Marcin Kunert
Marcin Kunert

Reputation: 6295

How to achieve a rolling update with docker-compose?

I have a following setup in docker compose

Frontend can be updated relatively fast using

docker-compose up -d --no-deps frontend

Unfortunately backend takes about 1 minute to start.

Is there an easy way to achieve lower downtime without having to change the current setup too much? I like how simple it is right now.

I would imagine something like this:

  1. Start a new instance of backend
  2. Wait till it starts (it could be per timer or a healthtest)
  3. Close the previously running instance

Upvotes: 35

Views: 26497

Answers (3)

majidkabir
majidkabir

Reputation: 151

I have created a repository that contains script for achieving the rolling update with docker-compose. It is based on the answers in this page. The steps are as below:

  1. Updating the images in docker-compose file for the services that we want to update.
  2. Scaling up the updated services
  3. Waiting for the services to pass the starting state.
  4. Checking the status of services, if there is an unhealthy container, stop that container, and if all of them are healthy just stop the oldest one.

The script is working for 1 replica, but it can be modified to support services with more replica.

I will put the main 2 scripts here but you can find them in the repository here

Script for checking the service containers and stoping the unhealthy or oldes one:

#!/bin/bash

 # Function to get container IDs for a service in a specific state
 get_containers_in_state() {
     local service=$1
     local state=$2
     docker ps --filter "label=com.docker.compose.service=${service}" --filter "health=${state}" -q
 }

 # Function to get all container IDs for a service sorted by creation time (oldest first)
 get_all_containers_sorted_by_age() {
     local service=$1
     docker ps --filter "label=com.docker.compose.service=${service}" -q | xargs docker inspect --format '{{.Created}} {{.Id}}' | sort | awk '{print $2}'
}

stop_and_remove_container() {
    local container=$1
    docker stop "${container}"
    docker rm "${container}"
    docker exec nginx nginx -s reload
}

 # Main script
 service_name=$1

 if [ -z "${service_name}" ]; then
     echo "Usage: $0 <service_name>"
     exit 1
 fi

 # Wait until no containers are in the "starting" state
 timeout=5  # Set the timeout duration in seconds
 elapsed=0
 echo "Waiting for containers of service '${service_name}' to be in a stable state..."
 while true; do
     starting_containers=$(get_containers_in_state "${service_name}" "starting")
     if [ -z "${starting_containers}" ]; then
         break
     fi

     if [ ${elapsed} -ge ${timeout} ]; then
         echo "Timeout reached. Stopping the container."
         for container in ${starting_containers}; do
             stop_and_remove_container "${container}"
         done
         exit 0
     fi

     sleep 1
     elapsed=$((elapsed + 1))
 done

 # Check for unhealthy containers
 unhealthy_containers=$(get_containers_in_state "${service_name}" "unhealthy")

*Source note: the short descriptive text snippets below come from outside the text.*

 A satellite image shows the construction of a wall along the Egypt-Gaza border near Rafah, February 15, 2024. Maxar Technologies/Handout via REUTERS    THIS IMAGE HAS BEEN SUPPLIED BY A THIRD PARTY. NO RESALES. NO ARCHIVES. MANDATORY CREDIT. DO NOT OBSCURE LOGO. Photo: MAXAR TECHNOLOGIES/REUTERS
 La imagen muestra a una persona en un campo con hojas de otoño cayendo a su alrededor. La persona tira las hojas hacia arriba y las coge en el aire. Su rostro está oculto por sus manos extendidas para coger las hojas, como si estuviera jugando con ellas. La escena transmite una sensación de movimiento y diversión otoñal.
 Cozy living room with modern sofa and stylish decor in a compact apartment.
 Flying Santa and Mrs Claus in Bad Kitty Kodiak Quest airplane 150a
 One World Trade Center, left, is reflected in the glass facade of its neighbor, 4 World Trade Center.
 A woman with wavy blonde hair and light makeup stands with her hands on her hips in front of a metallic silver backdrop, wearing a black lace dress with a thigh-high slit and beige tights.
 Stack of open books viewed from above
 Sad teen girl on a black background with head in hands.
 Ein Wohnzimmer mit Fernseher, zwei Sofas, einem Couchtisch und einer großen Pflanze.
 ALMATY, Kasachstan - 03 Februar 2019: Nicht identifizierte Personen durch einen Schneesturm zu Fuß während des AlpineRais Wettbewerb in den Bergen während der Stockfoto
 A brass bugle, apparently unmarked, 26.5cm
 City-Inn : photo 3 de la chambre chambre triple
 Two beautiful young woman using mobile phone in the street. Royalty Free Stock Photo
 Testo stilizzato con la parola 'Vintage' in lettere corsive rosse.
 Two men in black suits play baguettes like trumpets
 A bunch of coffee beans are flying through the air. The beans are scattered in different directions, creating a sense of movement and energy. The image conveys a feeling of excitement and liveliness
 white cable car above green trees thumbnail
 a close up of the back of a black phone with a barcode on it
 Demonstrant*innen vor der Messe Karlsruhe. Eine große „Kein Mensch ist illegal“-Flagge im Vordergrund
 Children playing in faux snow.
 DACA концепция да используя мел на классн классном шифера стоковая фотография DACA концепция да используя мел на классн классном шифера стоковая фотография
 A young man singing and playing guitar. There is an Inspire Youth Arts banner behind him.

 if [ -n "${unhealthy_containers}" ]; then
     echo "Stopping unhealthy container(s): ${unhealthy_containers}"
     for container in ${unhealthy_containers}; do
         stop_and_remove_container "${container}"
     done
 else
     # Get the oldest container for the service
     all_containers=$(get_all_containers_sorted_by_age "${service_name}")
     container_count=$(echo "${all_containers}" | wc -l)

     if [ "${container_count}" -gt 1 ]; then
         oldest_container=$(echo "${all_containers}" | head -n 1)
         echo "Stopping the oldest container: ${oldest_container}"
         docker exec nginx nginx -s reload
         stop_and_remove_container "${oldest_container}"
     else
         echo "No containers found for service '${service_name}'."
     fi
 fi

The script for scaling up the services and calling the first script for the services that we want to update

#!/bin/bash

docker compose up -d --scale service1=2 --scale service2=2 --no-recreate

./check_status.sh service1 & ./check_status.sh service2

Upvotes: 1

Marcin Kunert
Marcin Kunert

Reputation: 6295

Here is the script I've ended up using:

PREVIOUS_CONTAINER=$(docker ps --format "table {{.ID}}  {{.Names}}  {{.CreatedAt}}" | grep backend | awk -F  "  " '{print $1}')
docker-compose up -d --no-deps --scale backend=2 --no-recreate backend
sleep 100
docker kill -s SIGTERM $PREVIOUS_CONTAINER
sleep 1
docker rm -f $PREVIOUS_CONTAINER
docker-compose up -d --no-deps --scale backend=1 --no-recreate backend
docker-compose stop http-nginx
docker-compose up -d --no-deps --build http-nginx

Upvotes: 19

Siyu
Siyu

Reputation: 12139

Swarm is the right solution to go, but this is still painfully doable with docker-compose.

First, ensure your proxy can do service discovery. You can't use container_name (as you can't use it in swarm) because your will increase the number of container of the same service. Proxy like traefik or nginx-proxy uses labels to do this.

Then, docker-compose up -d --scale backend=2 --no-recreate this creates a new container with the new image without touching the running one.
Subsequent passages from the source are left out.